Data segment.

^^^^

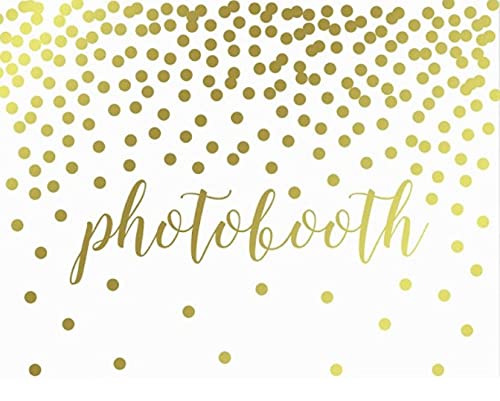 Metallic Gold Confetti Polka Dots Wedding Party Signs-Set of 1-Andaz Press-Photo Booth-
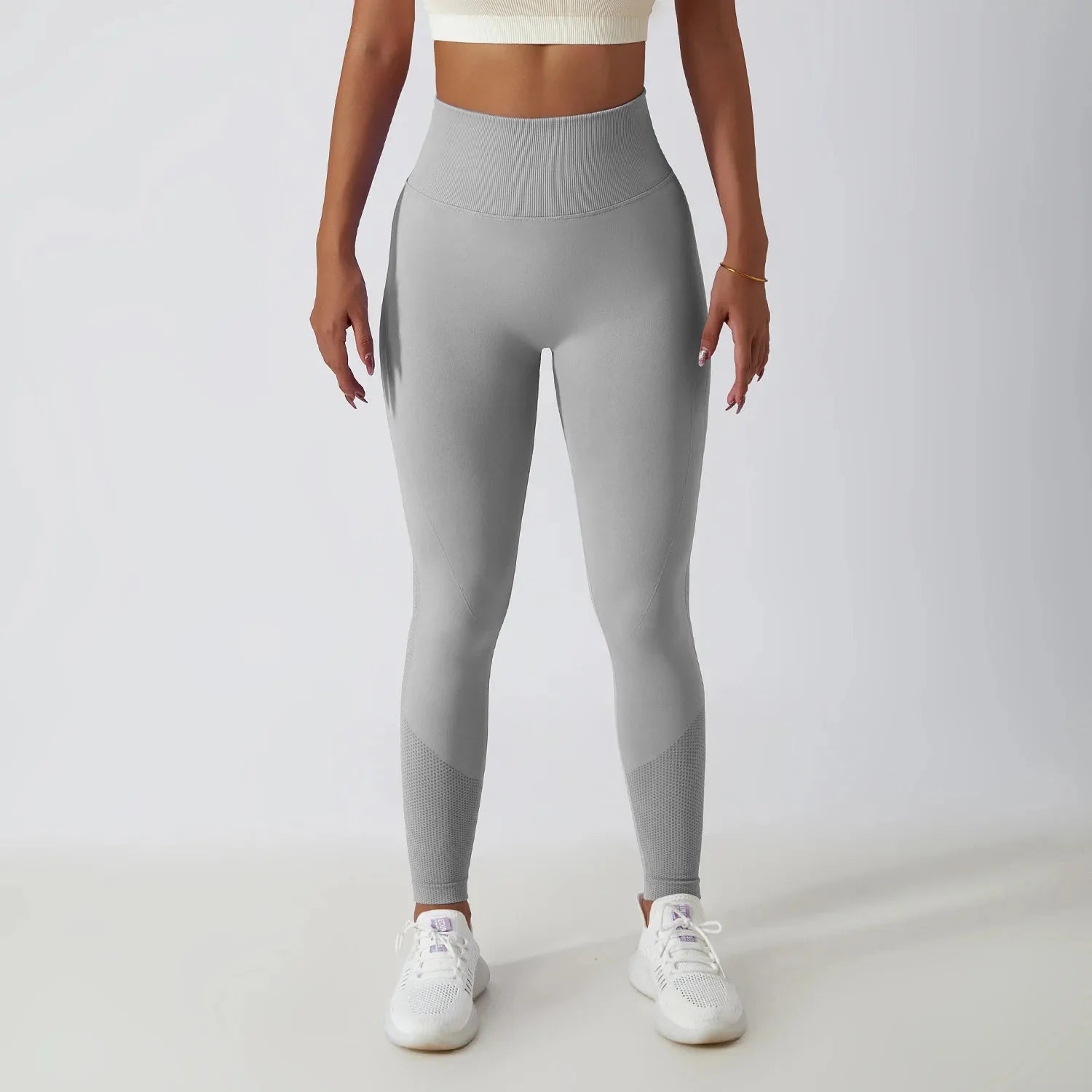 Seamless Ribbed Yoga Leggings with Tummy Control Fit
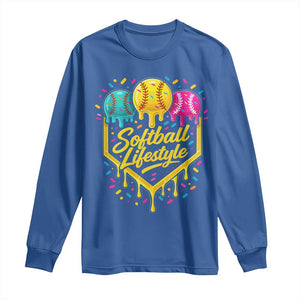 Softball Drip Long Sleeve Shirt Ice Cream Sprinkles Softball Life Style TS10 Royal Blue Print Your Wear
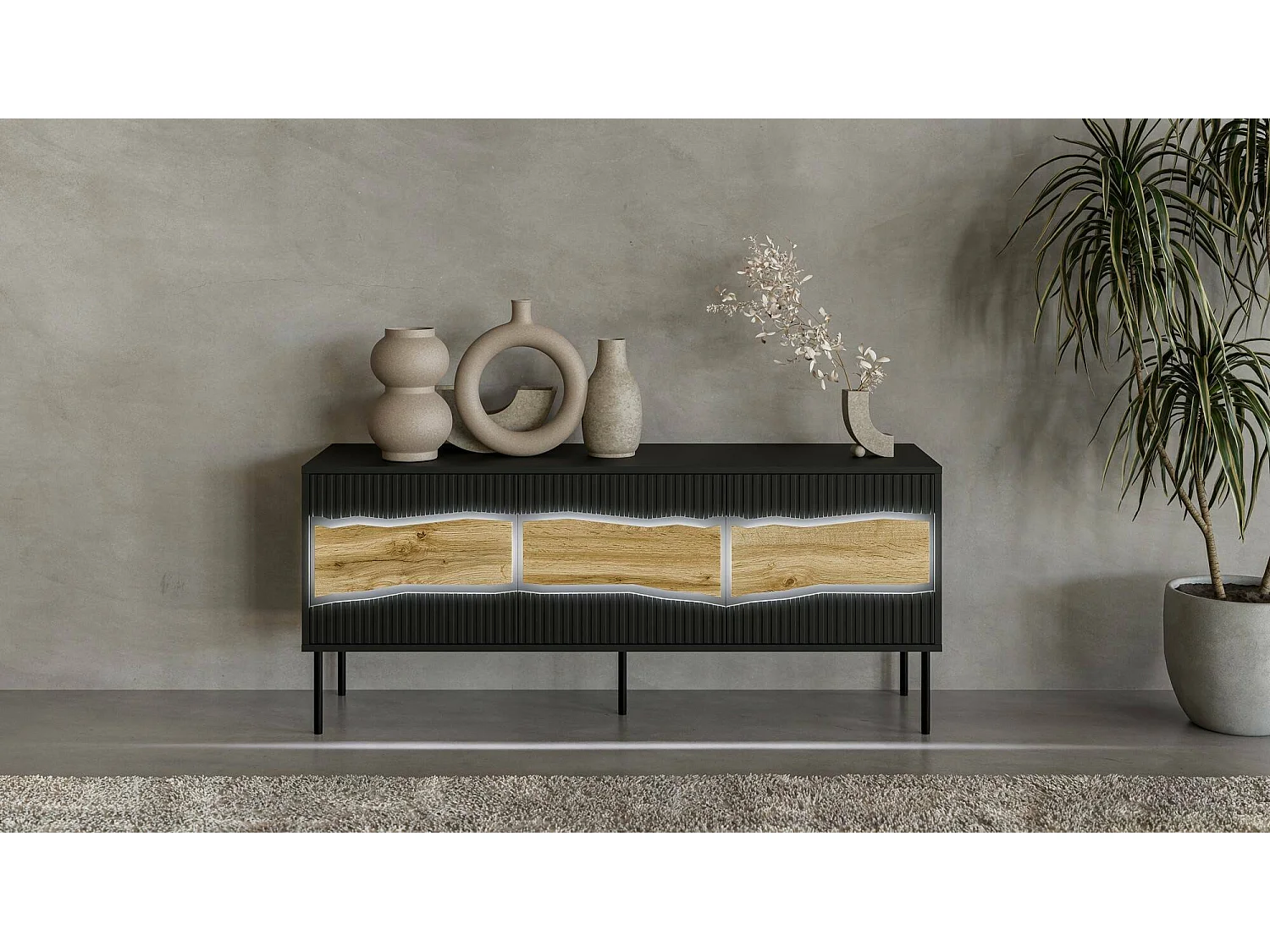 Mobile porta TV Novoli, Madia da salotto con tre ante battenti e tre vani interni, Con luci led, Rialzato da terra, 144x40 h62 cm, Nero e Rovere Nodi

^^^^

Exactly as written, restate the lines from the one that contains "Seamless Ribbed Yoga" through the final line of the data, both ends included, but leave out the pictures.

 Seamless Ribbed Yoga Leggings with Tummy Control Fit
 Softball Drip Long Sleeve Shirt Ice Cream Sprinkles Softball Life Style TS10 Royal Blue Print Your Wear
 Mobile porta TV Novoli, Madia da salotto con tre ante battenti e tre vani interni, Con luci led, Rialzato da terra, 144x40 h62 cm, Nero e Rovere Nodi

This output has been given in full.